美国佛罗里达大学斯克利普斯研究所的科学家发现了一条对长期记忆形成起关键作用的机制。这个发现不仅阐明了记忆是如何形成的,也有助于发展记忆障碍性疾病治疗的新途径。研究结果发表在《Neuron》杂志上。
在研究中科学家们发现了一个记忆形成的主要驱动子myosin II,它是细胞移动和生长的一个关键动力蛋白。“我们第一次证实了myosin II在记忆形成中发挥主要作用,我们也接近于确定导致这个大脑动力蛋白激活的信号途径。”佛罗里达大学斯克利普斯研究所该项研究的负责人Gavin Rumbaugh说:“一旦我们找到关键的信号途径,我们将开始致力开发有效的治疗方法帮助那些存在认知障碍的人们比如阿尔兹海默病的患者恢复记忆。”
Rumbaugh和他的同事们证实myosin II在记忆形成复杂过程中发挥调控作用。myosin II与长时程增强效应启动相关,启动长时程增强效可增强神经元之间的信号传递,稳定神经元突触可塑性以及重组神经元F-actin。
对大脑的刺激激活了了这些myosin动力蛋白,启动了F-actin的生长最后稳定了长时程增强效应。”Rumbaugh说:“大脑记录我们经历的过程就是突触生长和强化的过程。我们现在了解到突触间的物质使得我们的生命经历得以储存下来。”
他在研究中补充说明了F-actin的作用。长时程增强效应依赖于突触结构的改变表明myosinII启动的动态重组是信息编码的早期步骤。

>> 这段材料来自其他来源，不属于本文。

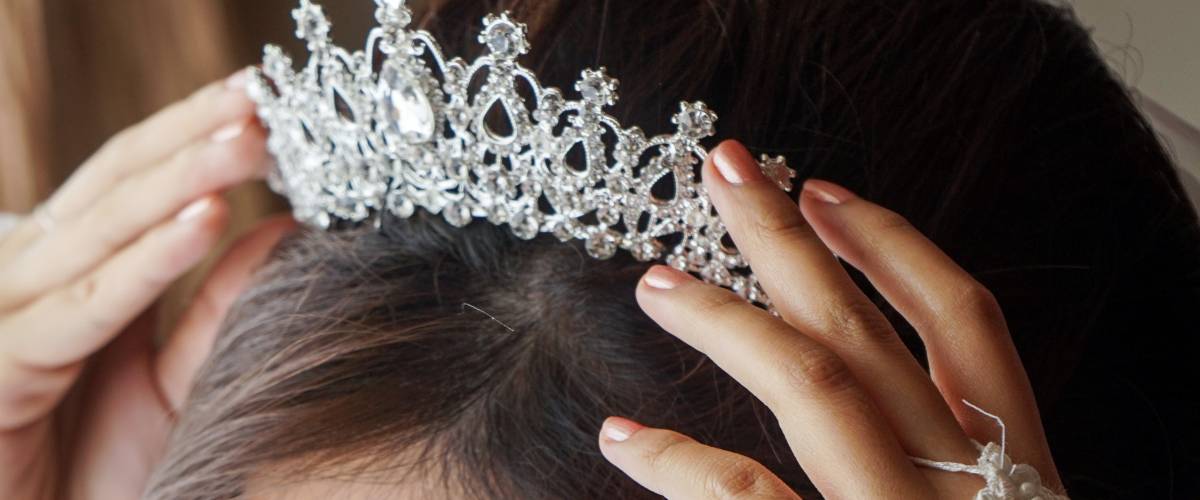 Tiara on bride's head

“许多并行大脑处理过程被激活参与信息储存。如果他们中的任何一个被破坏,信息就会失去稳定,记忆就会丧失。myosinII是这个过程的关键调控因子,如果你能通过药物控制myosin II,你就能随意有效地控制记忆。”Rumbaugh说。
推荐原文出处:
Neuron doi:10.1016/j.neuron.2010.07.016
Myosin IIb Regulates Actin Dynamics during Synaptic Plasticity and Memory Formation
Christopher S. Rex, Cristin F. Gavin, Maria D. Rubio, Eniko A. Kramar, Lulu Y. Chen, Yousheng Jia, Richard L. Huganir, Nicholas Muzyczka, Christine M. Gall, Courtney A. Miller, Gary Lynch, Gavin Rumbaugh
Highlights
Defines a mechanical process controlling F-actin reorganization at synapses
Myosin II motor activity is engaged by LTP induction
Myosin II activity produces de novo actin filaments at synapses that maintain LTP
Myosin II activity regulates actin polymerization that supports memory formation
Summary
Reorganization of the actin cytoskeleton is essential for synaptic plasticity and memory formation. Presently, the mechanisms that trigger actin dynamics during these brain processes are poorly understood. In this study, we show that myosin II motor activity is downstream of LTP induction and is necessary for the emergence of specialized actin structures that stabilize an early phase of LTP. We also demonstrate that myosin II activity contributes importantly to an actin-dependent process that underlies memory consolidation. Pharmacological treatments that promote actin polymerization reversed the effects of a myosin II inhibitor on LTP and memory. We conclude that myosin II motors regulate plasticity by imparting mechanical forces onto the spine actin cytoskeleton in response to synaptic stimulation. These cytoskeletal forces trigger the emergence of actin structures that stabilize synaptic plasticity. Our studies provide a mechanical framework for understanding cytoskeletal dynamics associated with synaptic plasticity and memory formation.